The song was also Prince's debut single released in the UK; it was not a major hit, reaching No. 41 on the UK Singles Chart and when Prince tried to promote it with shows in London, he was forced to cancel due to poor attendance.

The song additionally reached No. 2 on the Hot Dance Club Play chart and No. 2 in New Zealand.

Prince included a sample of this song in the opening of his 1992 hit single "My Name Is Prince".

==Music video==
There are two versions of the music video of the hit single. The main version has Prince in an unbuttoned leopard shirt and jeans singing alone in a black background with only a mic, notably with straight-wavy hair and a departure from his afro from a year before. Various shots show him playing the instruments by himself.

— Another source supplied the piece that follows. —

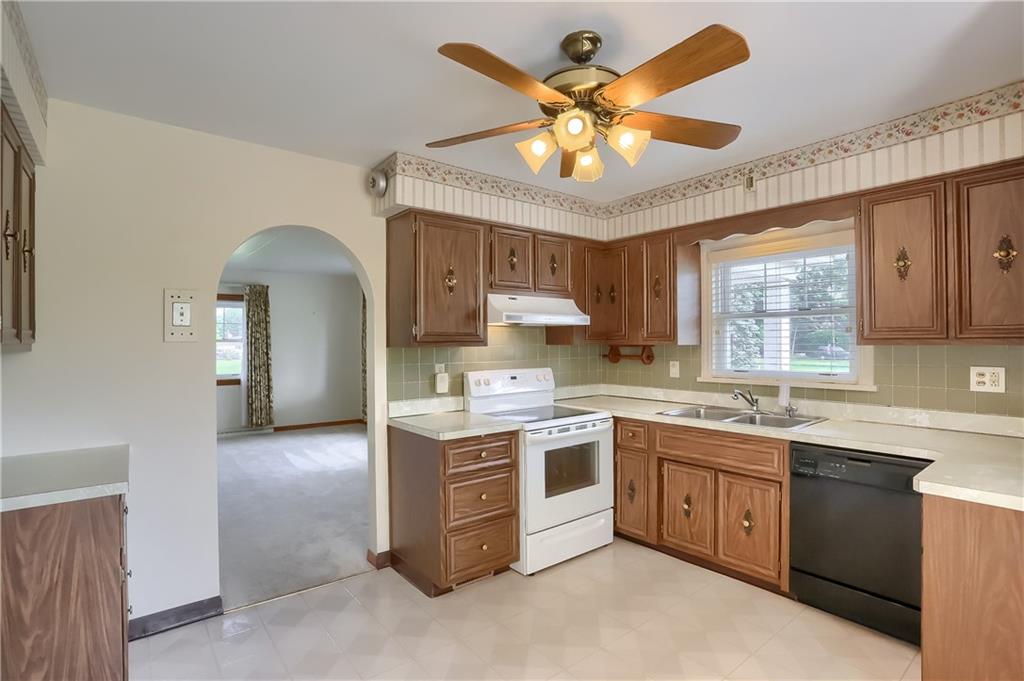420 Big Knob Road Rochester, PA 15074 - Photo 8 of 24 a kitchen with a sink stove and cabinets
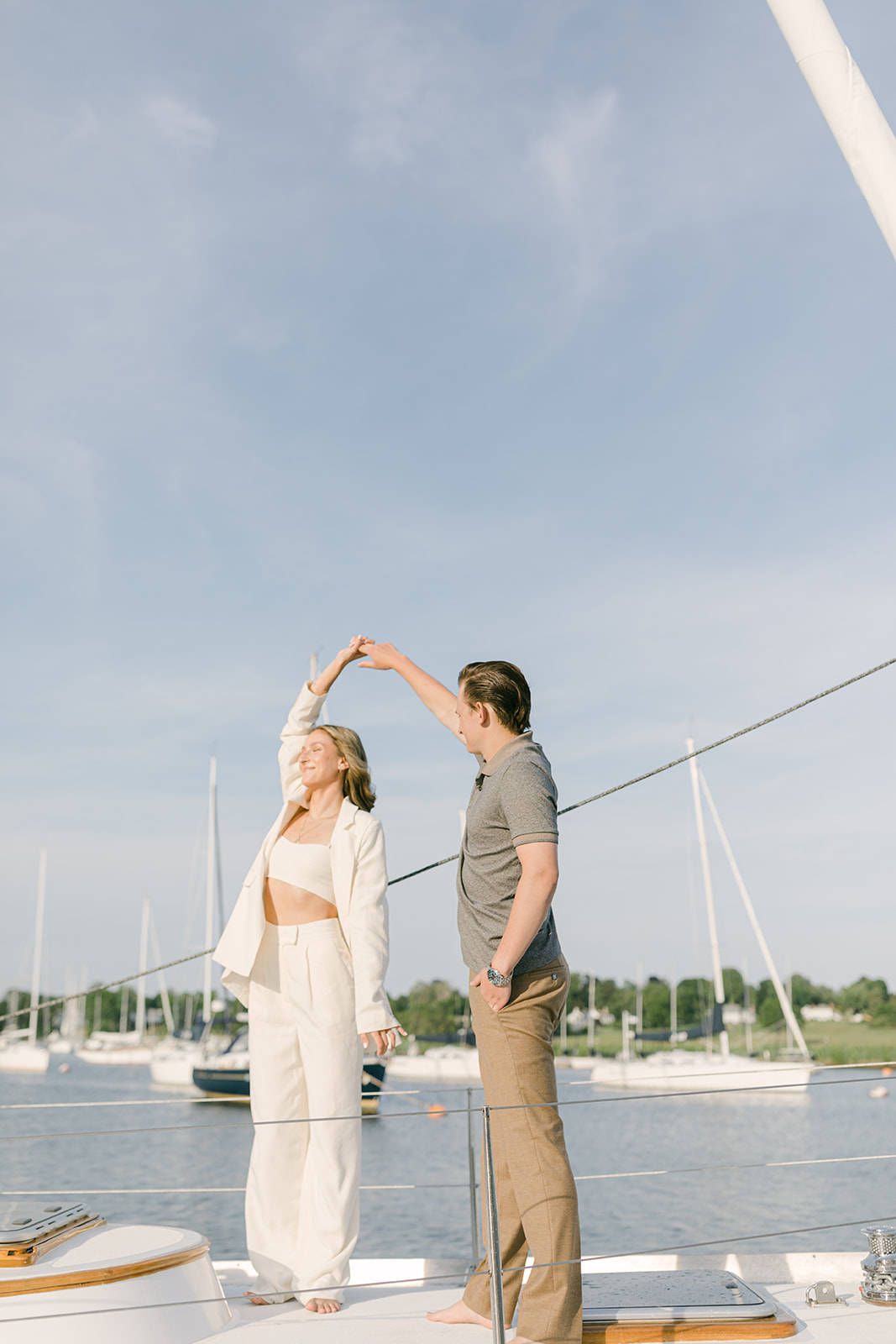 couple on sailboat for engagement photos in connecticut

The other version, which has not aired and was not featured on The Hits Collection compilation shows Prince and his band members performing the song in a painted room. The video was pulled due to skimpy clothing and a sexually suggestive theme (Prince was clad in blue stockings and a tan shirt).

==Track listings==
- 7" single
- A. "I Wanna Be Your Lover" (edit) – 2:57
- B. "My Love Is Forever" – 4:08

- 7" single (UK)
- A. "I Wanna Be Your Lover" (edit) – 2:57
- B. "Just as Long as We're Together" (edit) – 3:25

- 7" single (DEU)
- A. "I Wanna Be Your Lover" (edit) – 2:57
- B. "Why You Wanna Treat Me So Bad?" – 3:49

- 12" single (UK)
- A. "I Wanna Be Your Lover" – 5:47
- B. "Just as Long as We're Together" – 6:24

- 12" promo
- A. "I Wanna Be Your Lover" (edit) – 2:57
- B. "I Wanna Be Your Lover" – 5:57

== Personnel ==
Information taken from Benoît Clerc and Guitarcloud.

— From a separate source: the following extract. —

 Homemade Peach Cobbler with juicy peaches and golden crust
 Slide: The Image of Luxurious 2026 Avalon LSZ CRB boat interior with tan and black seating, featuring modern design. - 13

- Prince – lead and backing vocals, electric and acoustic guitars, clavinet, Yamaha CP-70 electric grand piano, Oberheim Four Voice, Polymoog, Minimoog, ARP String Ensemble, bass guitar, drums

==Charts==
===Weekly charts===

| Chart (1979–1980) | Peak position |
|---|---|
| New Zealand (Recorded Music NZ) | 3 |
| UK Singles (Official Charts) | 41 |
| US Billboard Hot 100 | 11 |
| US Dance Club Songs (Billboard) | 2 |
| US Hot Soul Singles (Billboard) | 1 |

| Chart (2016) | Peak position |
|---|---|
| France (SNEP) | 25 |

===Year-end charts===

| Chart (1980) | Rank |
|---|---|
| US Billboard Hot 100 | 95 |

==Certifications==

| Region | Certification | Certified units/sales |
| New Zealand (RMNZ) | Gold | 15,000^{‡} |
| United Kingdom (BPI) | Silver | 200,000^{‡} |
| United States (RIAA) | Gold | 1,000,000^{^} |
^{^} Shipments figures based on certification alone. ^{‡} Sales+streaming figures based on certification alone.